In The CERT Guide to Insider Threats: How to Prevent, Detect, and Respond to Information Technology Crimes, authors Dawn Cappelli, Andrew Moore and Randall Trzeciak of the CERT Insider Threat Center provide incontrovertible data and an abundance of empirical evidence, which creates an important resource on the topic of insider threats. There are thousands of companies that have uttered modern day versions of Et tu, Brute due to insidious insider attacks and the book documents many of them.
The book is based on work done at the CERT Insider Threat Center, which has been researching this topic for the last decade. The data the threat center has access to is unparalleled, which in turn makes this the definitive book on the topic. The threat center has investigated nearly 1,000 incidents and their data sets on the topic are unrivaled. With that, the book truly needs to be on the desktop of everyone tasked with data security and intellectual property protection.
The book provides a unique perspective on insider threats as the CERT Insider Threat Center pioneered the study of the topic, and has exceptional and empirical data to back up their findings. While there are many books on important security topics such as firewalls, encryption, identity management and more; The CERT Guide to Insider Threats is the one of the first to formally and effectively tackle the extraordinary devastating problem of trusted insiders who misappropriate data.
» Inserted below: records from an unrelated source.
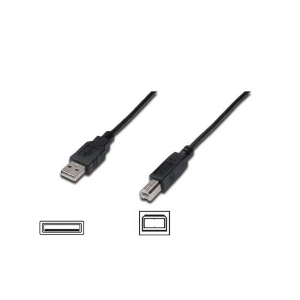 DIGITUS CAVO USB 2.0 CONNETTORI A-B, LUNGHEZZA MT. 1 COLORE NERO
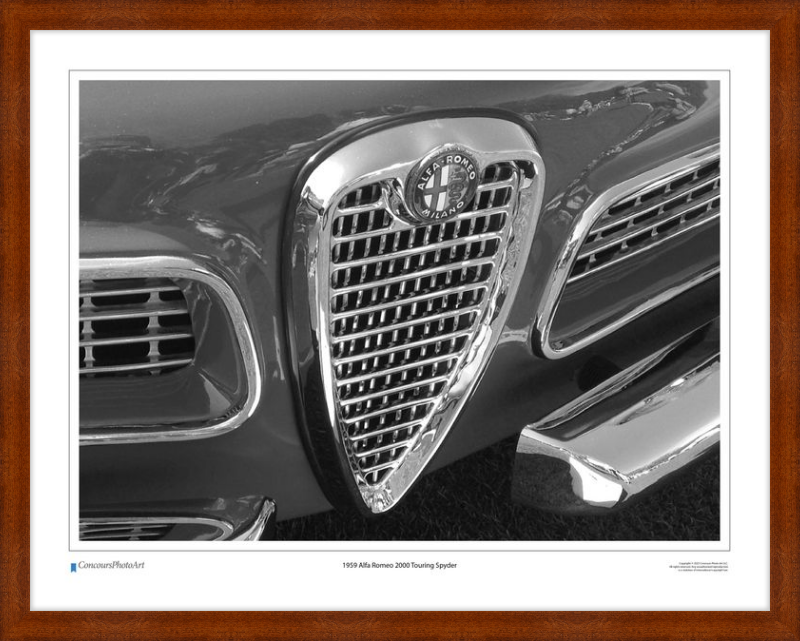 1959 Alfa Romeo 2000 Touring Spyder / CPA209B / Black and White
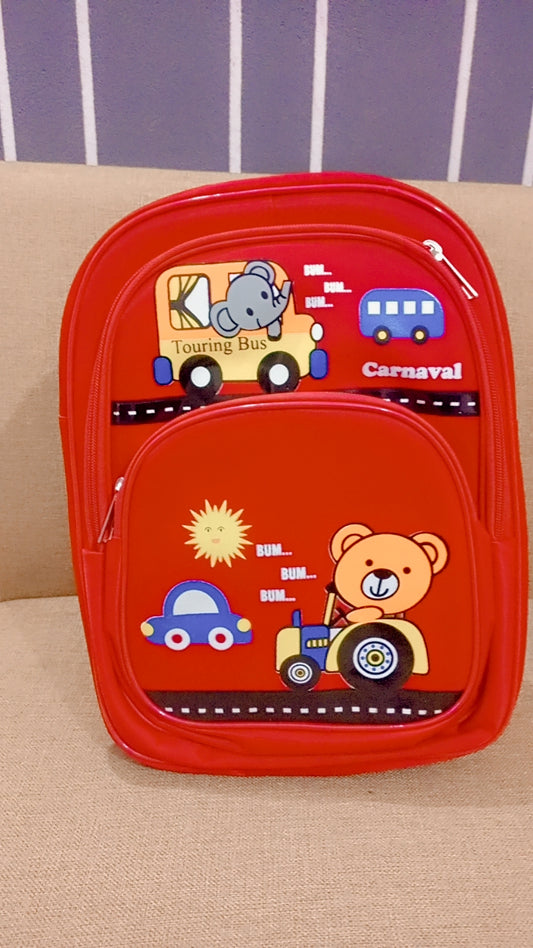 Boys Bear Red School Bags 6*15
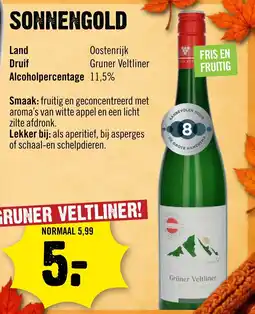 Dirck 3 sonnengold grüner veltliner aanbieding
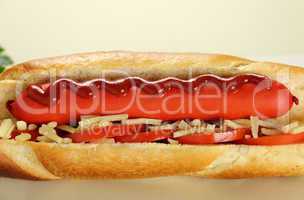 Hot Dog With Tomato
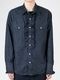 LAD MUSICIAN����å� �ߥ塼�������/6.5oz DENIM FRILL SHIRT/INDIGO ONE WASH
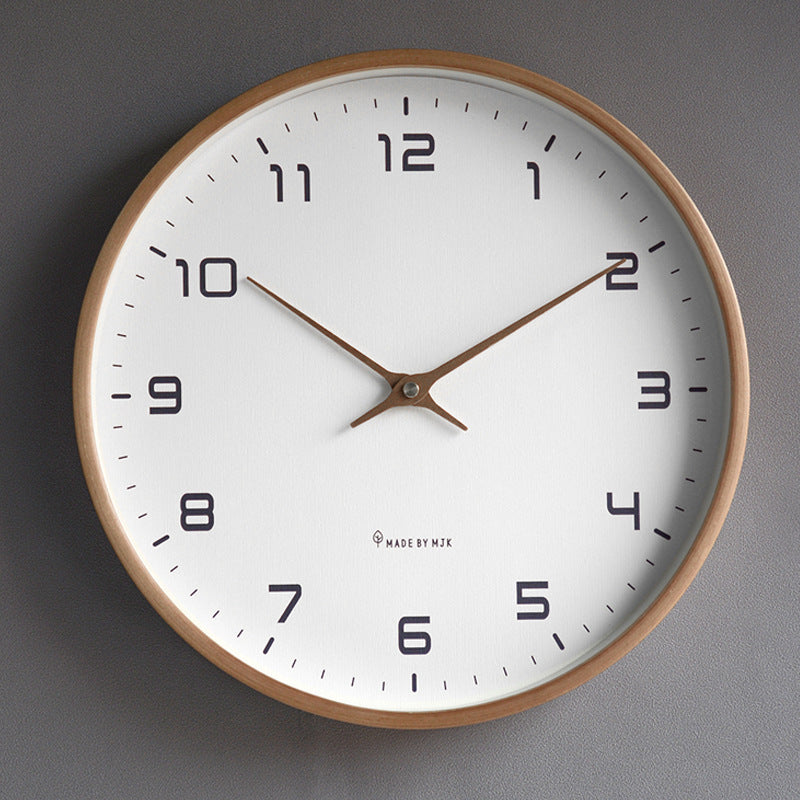 Scandinavian Wooden Wall Clock - Timeless, Silent Design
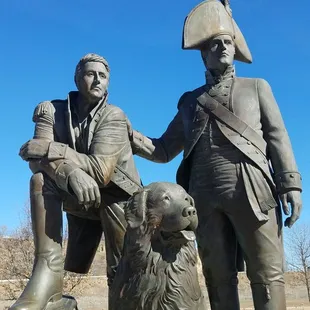These larger than life statues make a great photo op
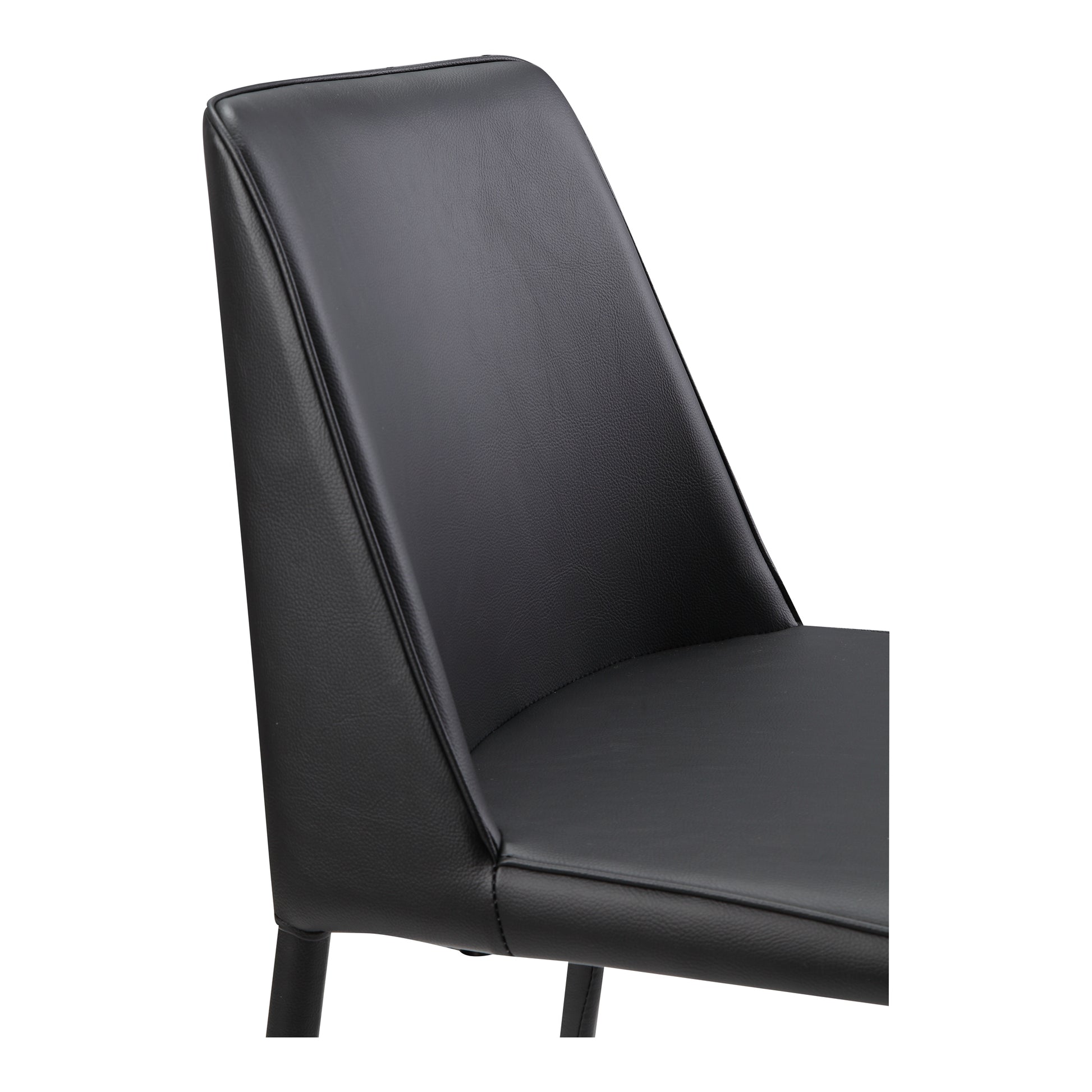 Nora Dining Chair Black Vegan Leather - Set Of Two - Central Designs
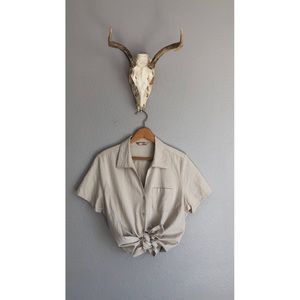 Vintage Cotton Button Down Top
Working as a Software Architect one of the main concerns we always have is Security. At an application level that can usually be easily implemented if you are up to speed with the latest industry standards and best practices for the technology you are working in.
Working as an Enterprise Architect, security becomes a much broader subject. Insider threats become part of the picture and there is no cookie cutter solution for them. I have seen plenty of potential issues thwarted, and over the years working as a consultant I have witnessed plenty of successful insider attacks.
One of my first experiences with insider threat was when I was still in the engineering field. We used an email product called Pega eMail. A few of us discovered that no password was required to log into another person's email if it was done in a certain way. We would do goofy stuff like rename each other's folders to stupid names. We got bored with it in about a day and forgot about it. As time went on our company was purchased by an England company.
The new parent company sent in a new president. One of the new president's jobs was to reorganize. People were let go and offices were moved. Some of the people in one of the departments decided they wanted the inside scoop. Apparently they had learned about the email trick. They began reading all the new presidents emails. From what I heard one of them mentioned something in a meeting that was confidential between the new president and the company's London office.
The IT security team started to investigate and discovered the email product flaw. They then monitored the IP logging into the presidents email and discovered the entire department was guilty. One Friday afternoon they were all escorted out of the building.